▶ [Instructions for the task]
What you write must match the records exactly, except for the images, which are left out.

▶ [Records shown]
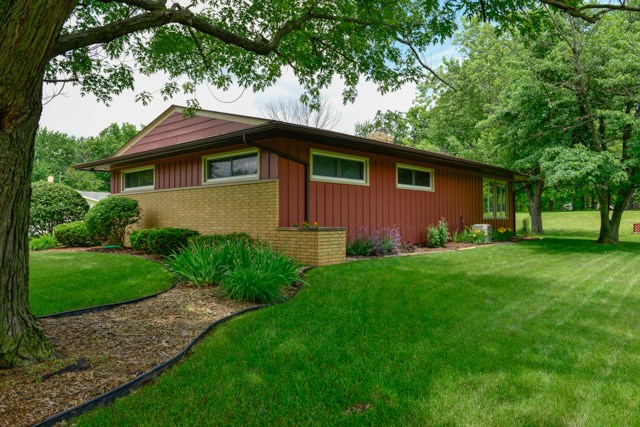 3862 Greendale Dr, Fort Wayne, IN 46815 photo 3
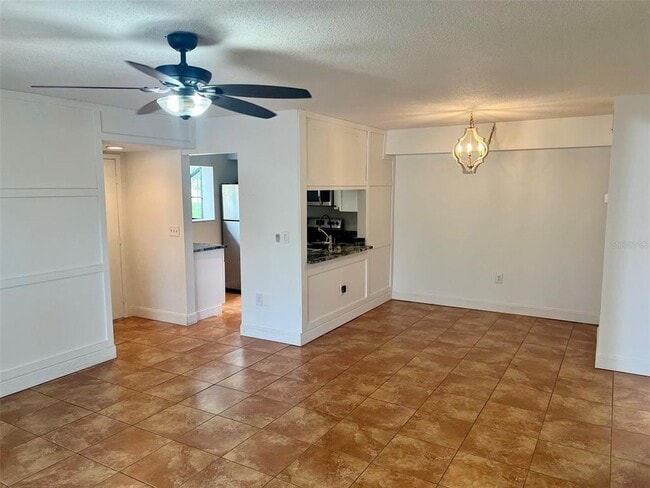 Photo - 5769 Gardens Dr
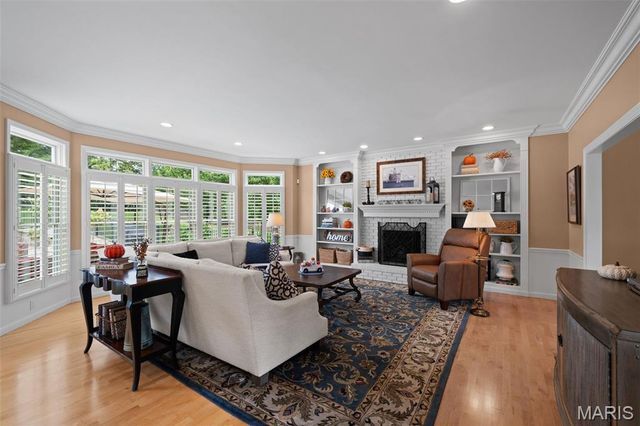 23 Bopp Lane, Town And Country, MO 63131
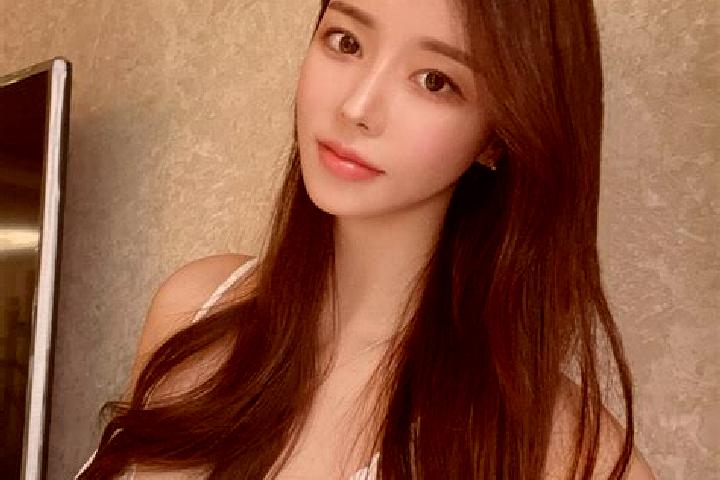 Sage, 22 — Escort in Xininglu, China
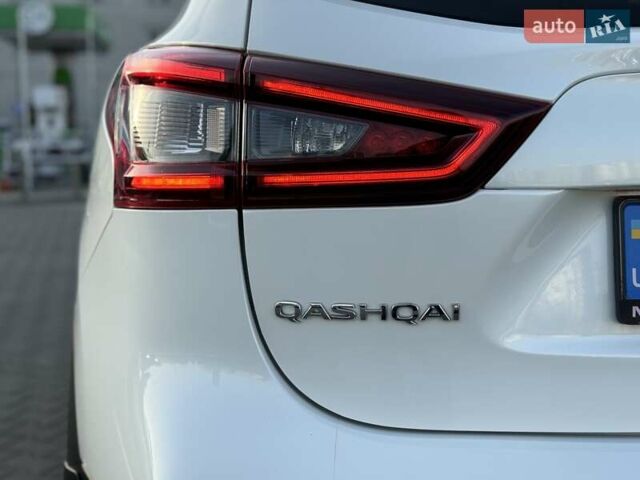 Білий Ніссан Кашкай, об'ємом двигуна 2 л та пробігом 58 тис. км за 21900 $, фото 34 на Automoto.ua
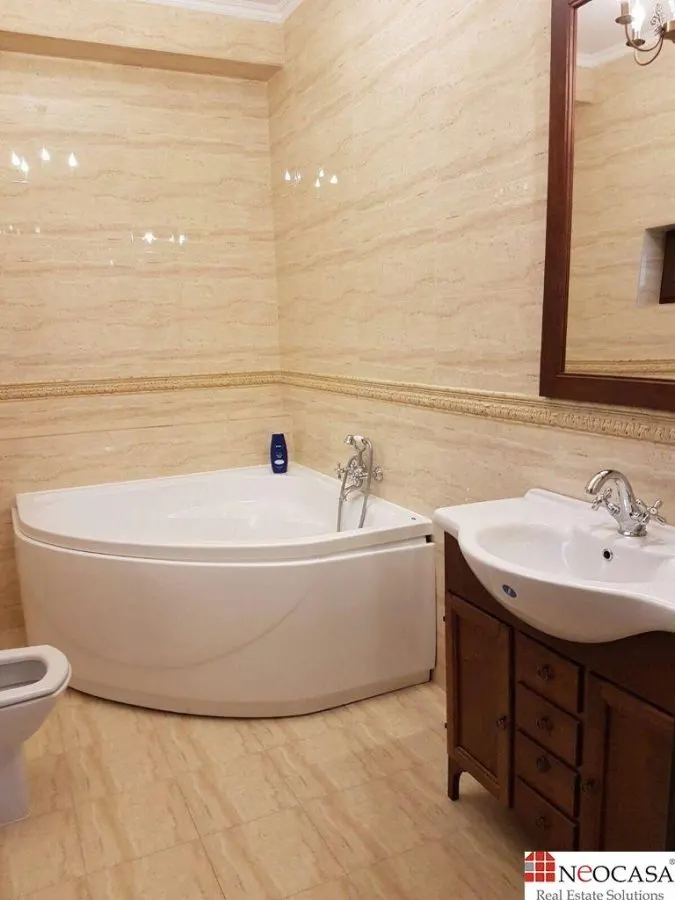 Resedinta exclusivista 370 mp, teren 600 mp, curte amenajata si finisaje premium - foto 16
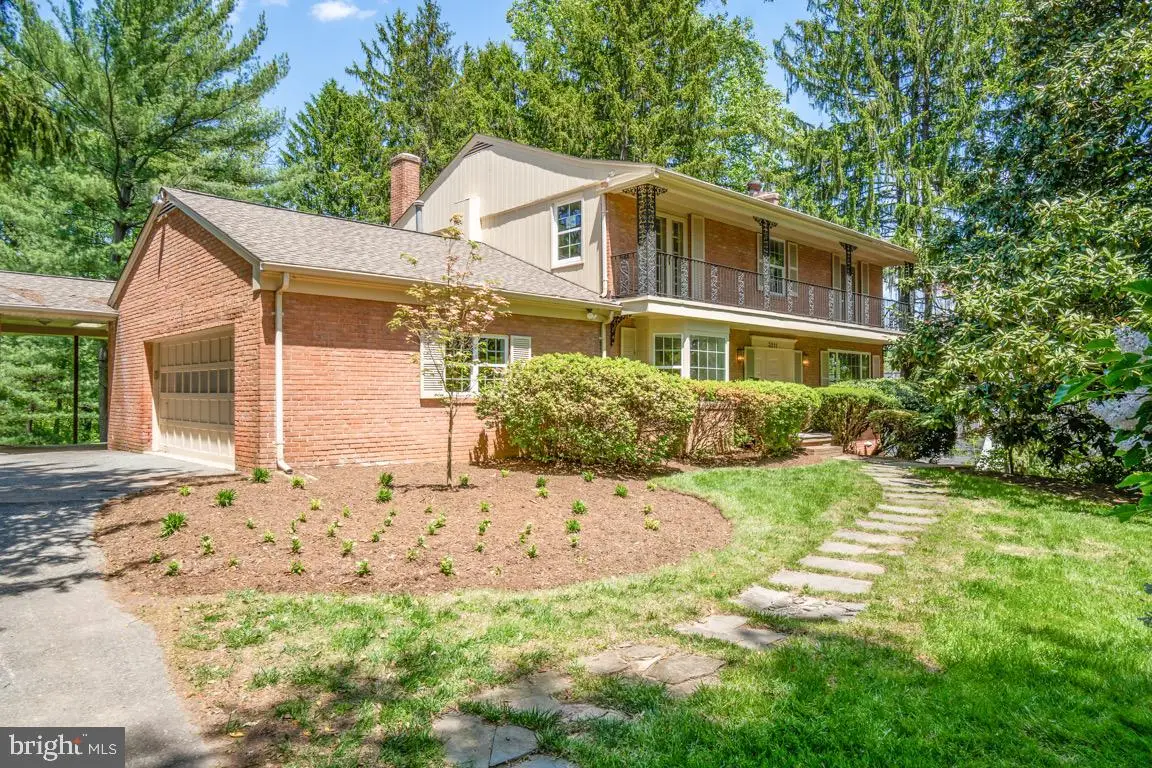 3211 Farmington Dr, Chevy Chase, MD 20815 - #1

▶ [Output below]
 3862 Greendale Dr, Fort Wayne, IN 46815 photo 3
 Photo - 5769 Gardens Dr
 23 Bopp Lane, Town And Country, MO 63131
 Sage, 22 — Escort in Xininglu, China
 Білий Ніссан Кашкай, об'ємом двигуна 2 л та пробігом 58 тис. км за 21900 $, фото 34 на Automoto.ua
 Resedinta exclusivista 370 mp, teren 600 mp, curte amenajata si finisaje premium - foto 16
 3211 Farmington Dr, Chevy Chase, MD 20815 - #1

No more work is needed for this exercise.